_Work item_
When you copy the material below, keep every line exact and leave each picture out.

_Information_
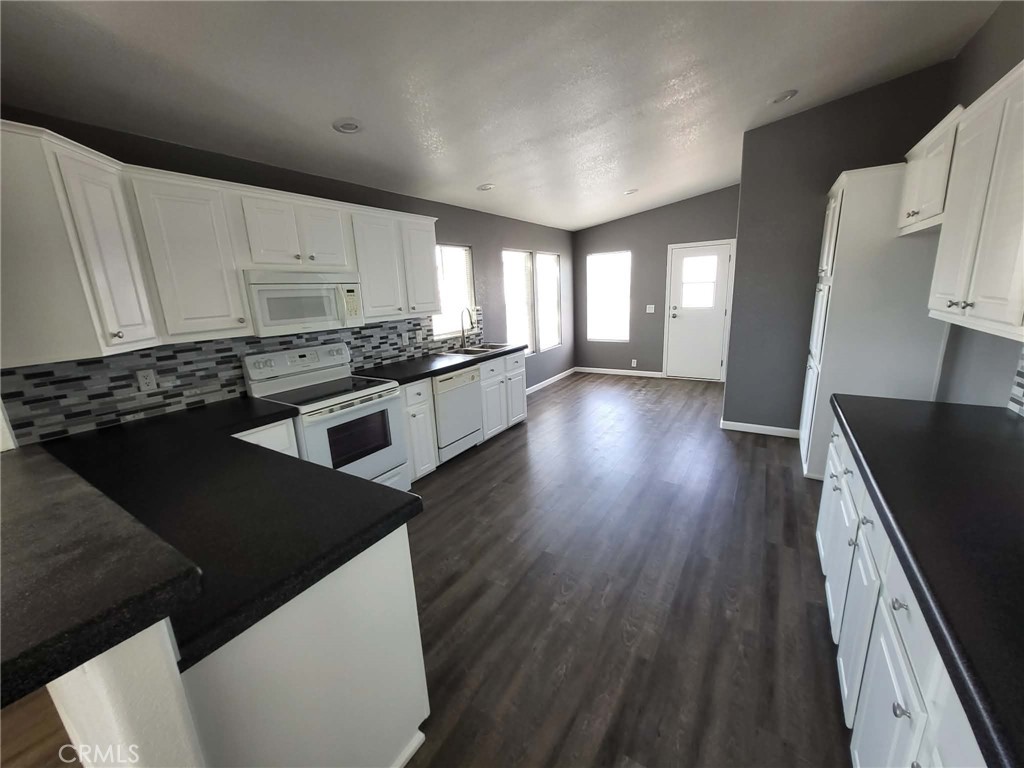 2017 Sonja Dr Property Photo 5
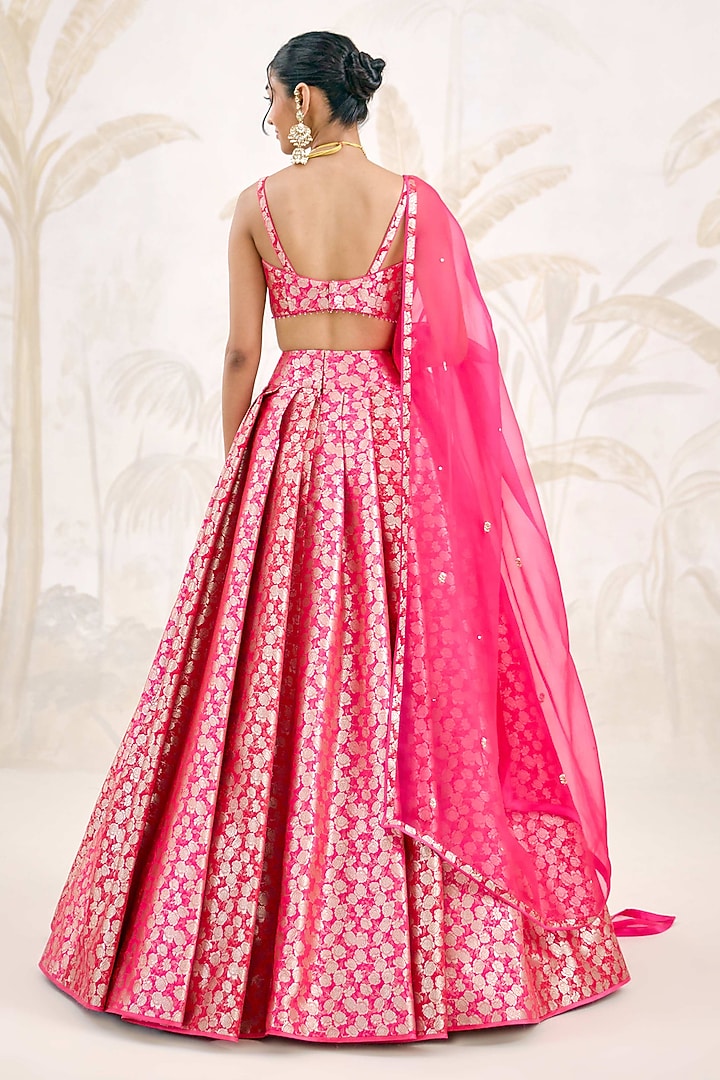 Fuchsia Pink-Red Banarasi Silk Brocade Pleated Wedding Lehenga Set by Shyam Narayan Prasad at Pernia's Pop Up Shop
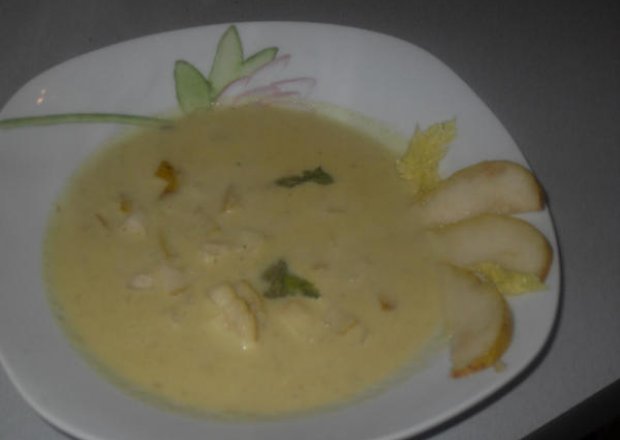 Fotografia przedstawiająca Serowa zupa z gruszką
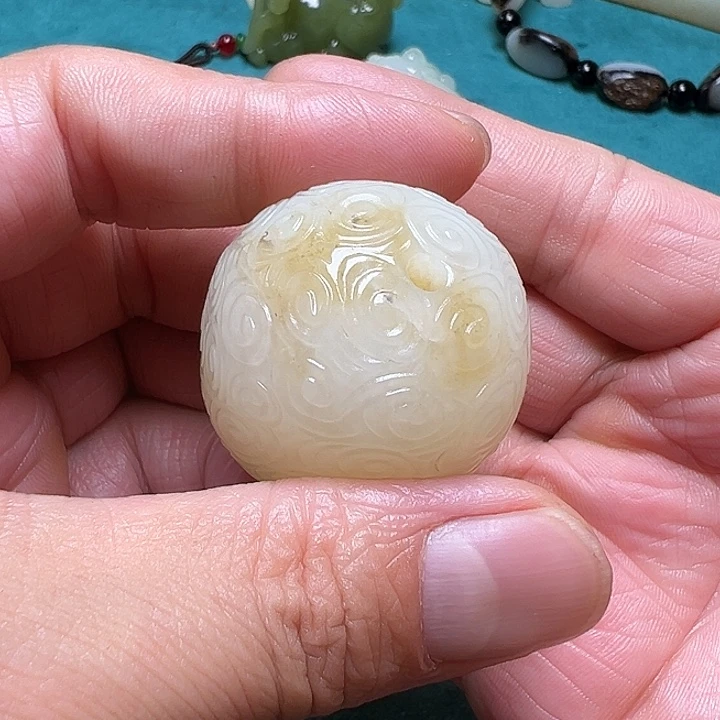 和田玉未镶嵌挂件大***宙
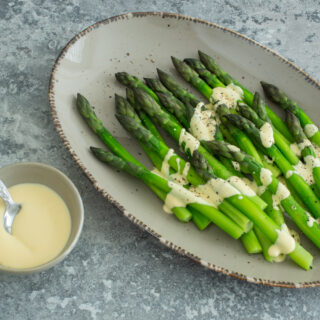 Grüner Spargel - Grundrezept und Anleitung zum richtigen Kochen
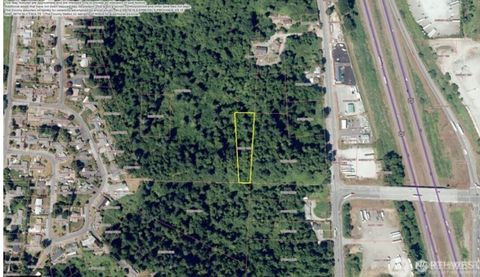 Photo of 0 West Valley HWY E, Edgewood, WA 98372 (MLS # 2454357)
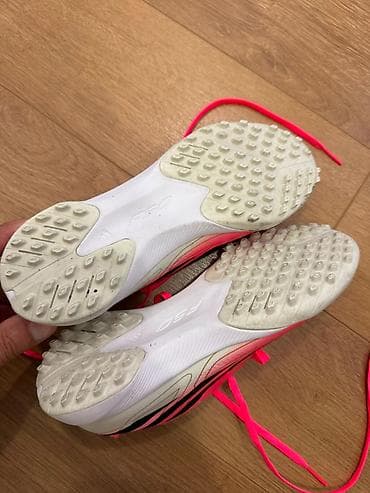 Мужская обувь: Adidasın rəsmi səhifəsindən alınıb, ölçü kiçik olduğu üçün istifadə — 2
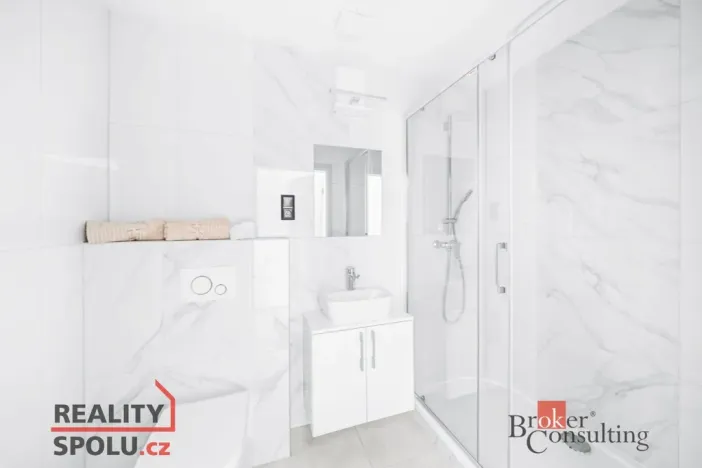 Prodej rodinného domu, Pečky - Velké Chvalovice, Za Statkem, 166 m2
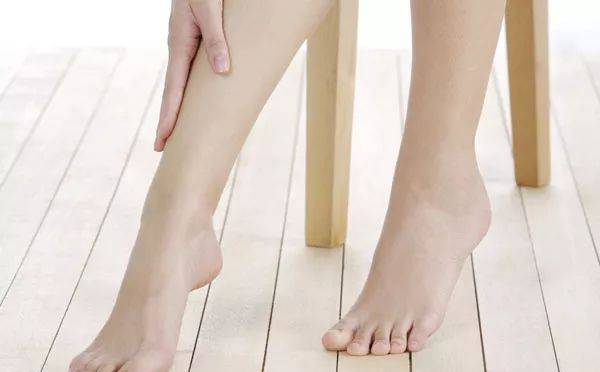 腿脚经常抽筋是什么原因？教你几招解决办法！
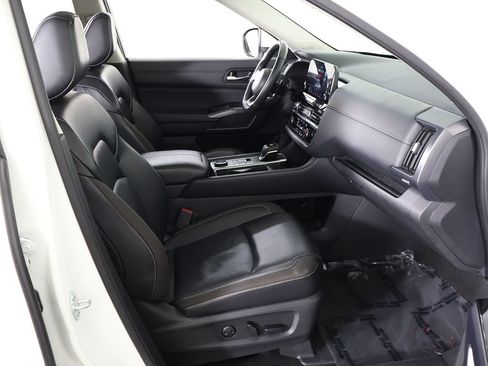 Used 2024 Nissan Pathfinder SL w/ SL Premium Package AWD/4WD image 35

_Reply to the exercise_
 2017 Sonja Dr Property Photo 5
 Fuchsia Pink-Red Banarasi Silk Brocade Pleated Wedding Lehenga Set by Shyam Narayan Prasad at Pernia's Pop Up Shop
 Fotografia przedstawiająca Serowa zupa z gruszką
 和田玉未镶嵌挂件大***宙
 Grüner Spargel - Grundrezept und Anleitung zum richtigen Kochen
 Photo of 0 West Valley HWY E, Edgewood, WA 98372 (MLS # 2454357)
 Мужская обувь: Adidasın rəsmi səhifəsindən alınıb, ölçü kiçik olduğu üçün istifadə — 2
 Prodej rodinného domu, Pečky - Velké Chvalovice, Za Statkem, 166 m2
 腿脚经常抽筋是什么原因？教你几招解决办法！
 Used 2024 Nissan Pathfinder SL w/ SL Premium Package AWD/4WD image 35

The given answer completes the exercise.